'''

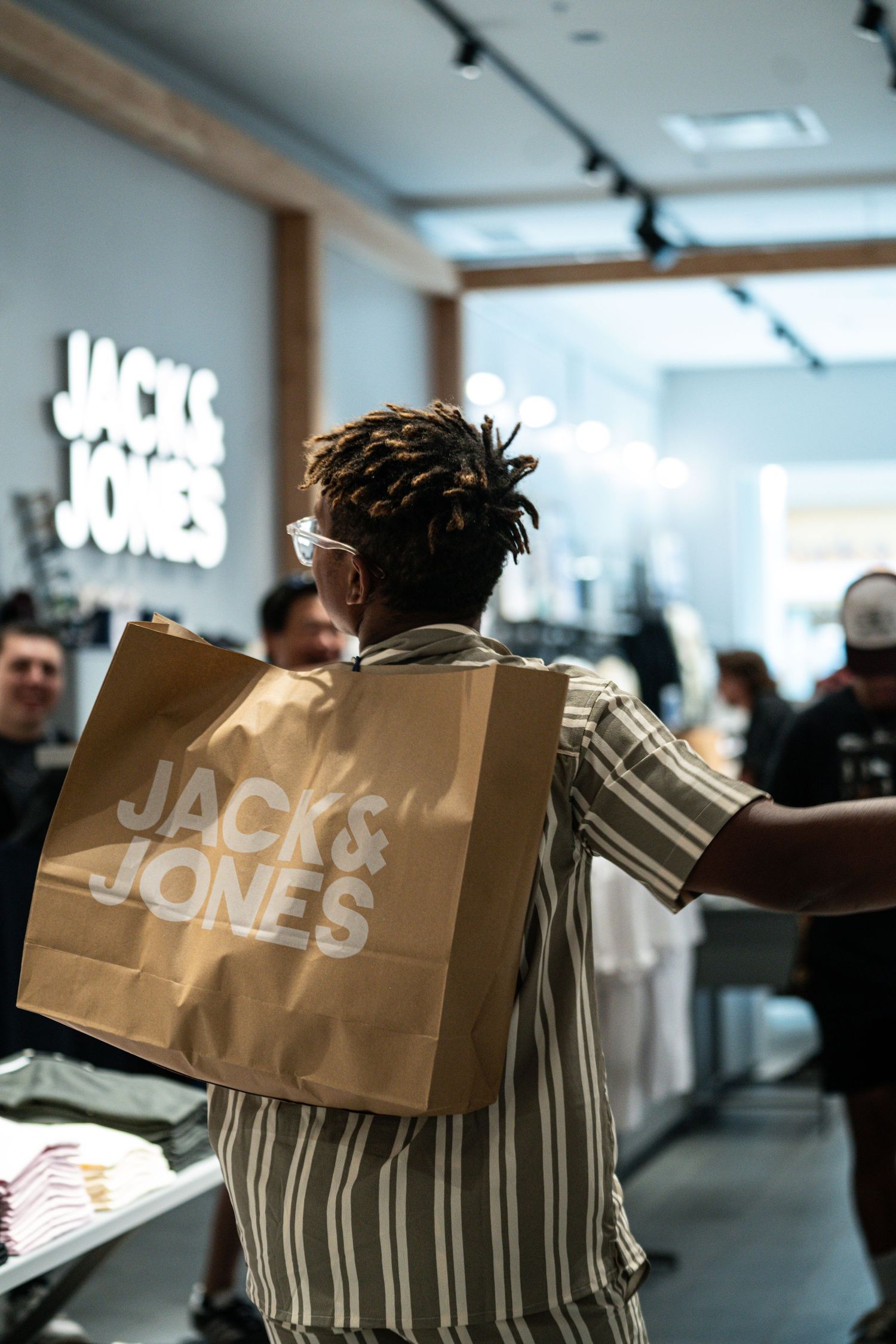 Shopping bags with branding displayed in retail store environment.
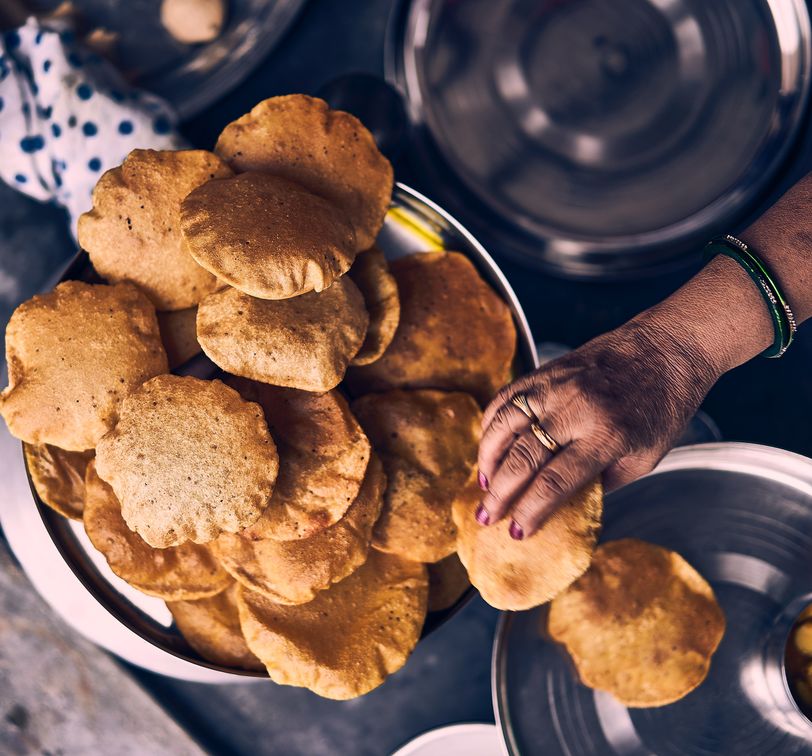 hand of a woman serving fried indian bread called poori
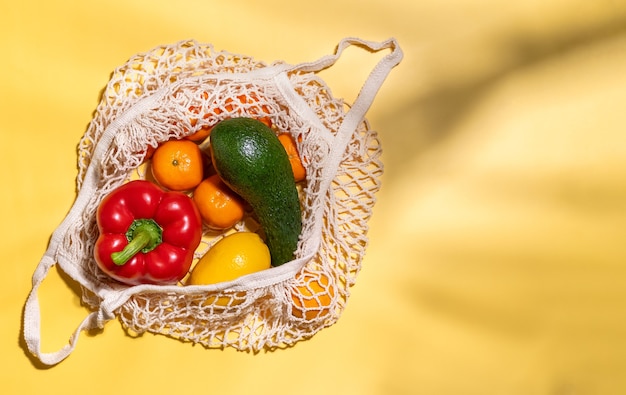 Frutas e vegetais orgânicos em uma sacola de compras de algodão de malha reutilizável e sem desperdício Sacola ecológica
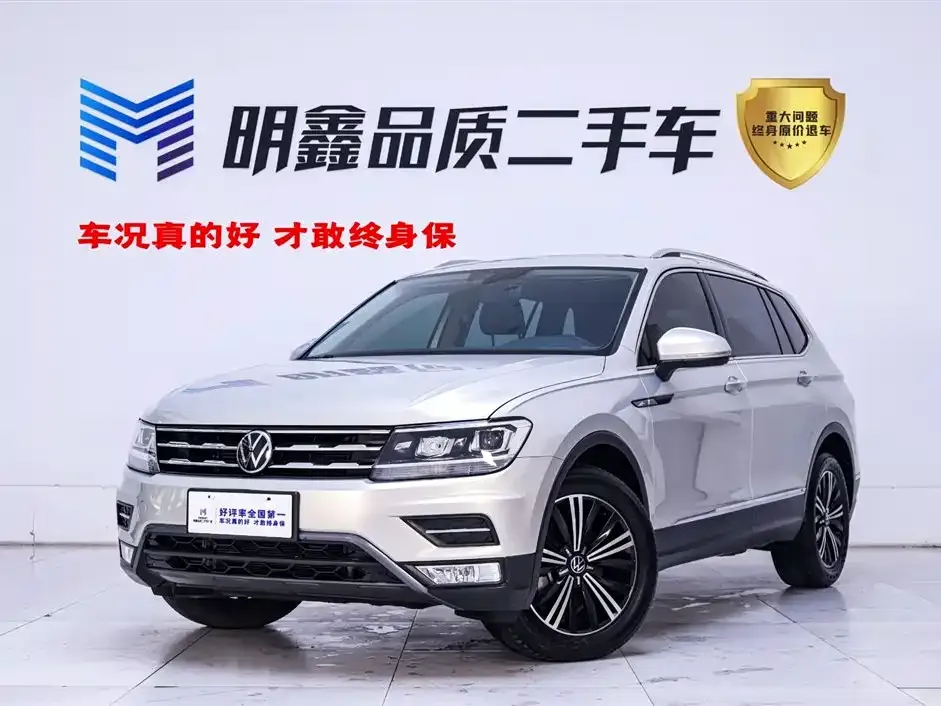 Volkswagen Tiguan L — фото 1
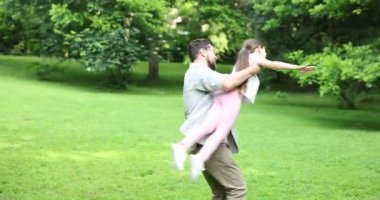 Aile kaçamağı. Mutlu ebeveynler parkta kızlarıyla eğleniyor.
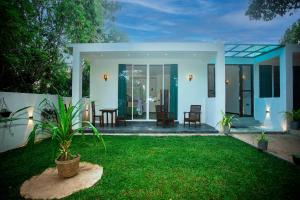 a house with a green lawn in front of it at Villa Nine84 Mirissa in Matara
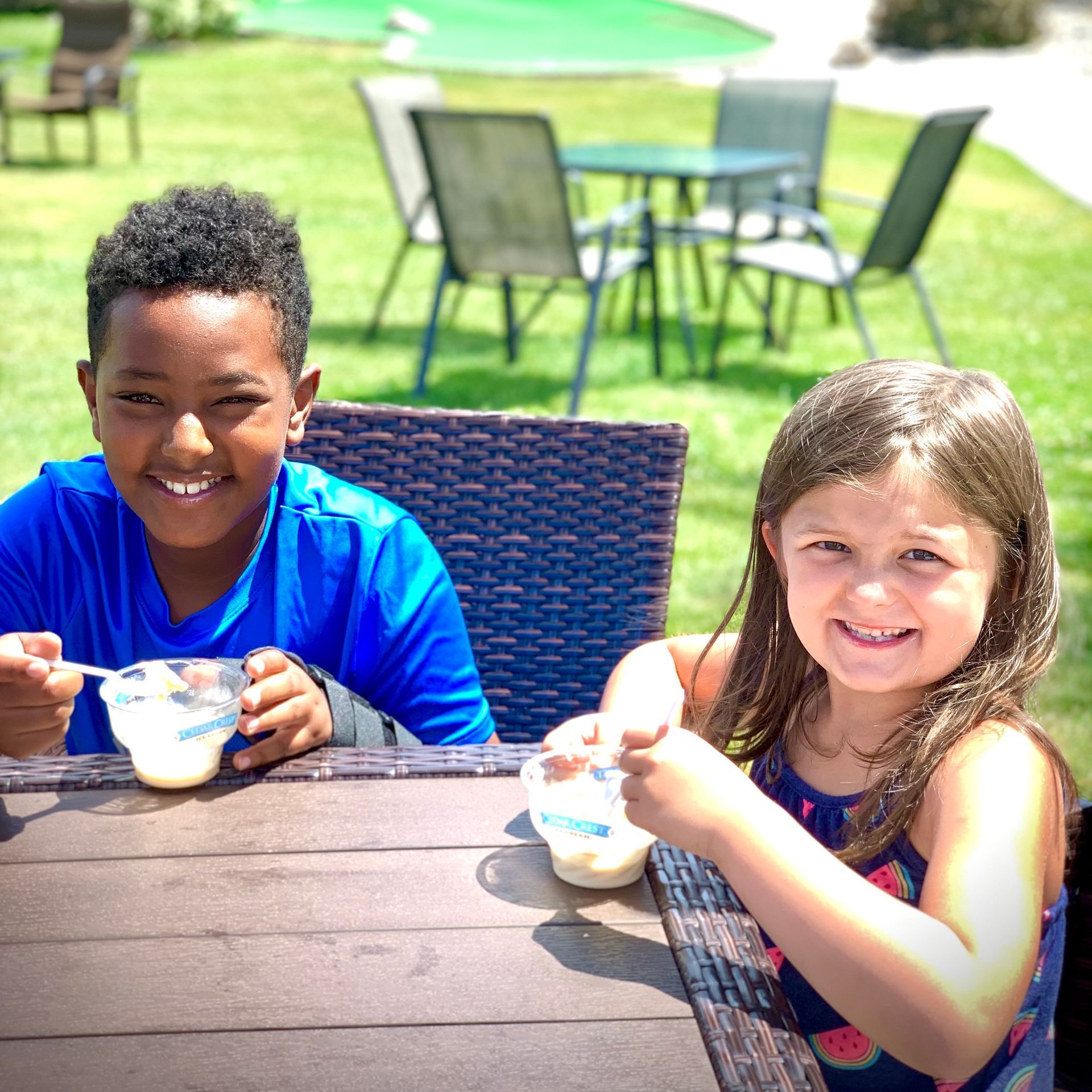 A boy and a girl are sitting at a table eating ice cream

'''

→ **HOW TO COMPLETE THIS TASK**
Copy out only the lines from the one containing "a house with" to the end of the entries, unchanged. Drop the pictures.

→ **RESULT**
 a house with a green lawn in front of it at Villa Nine84 Mirissa in Matara
 A boy and a girl are sitting at a table eating ice cream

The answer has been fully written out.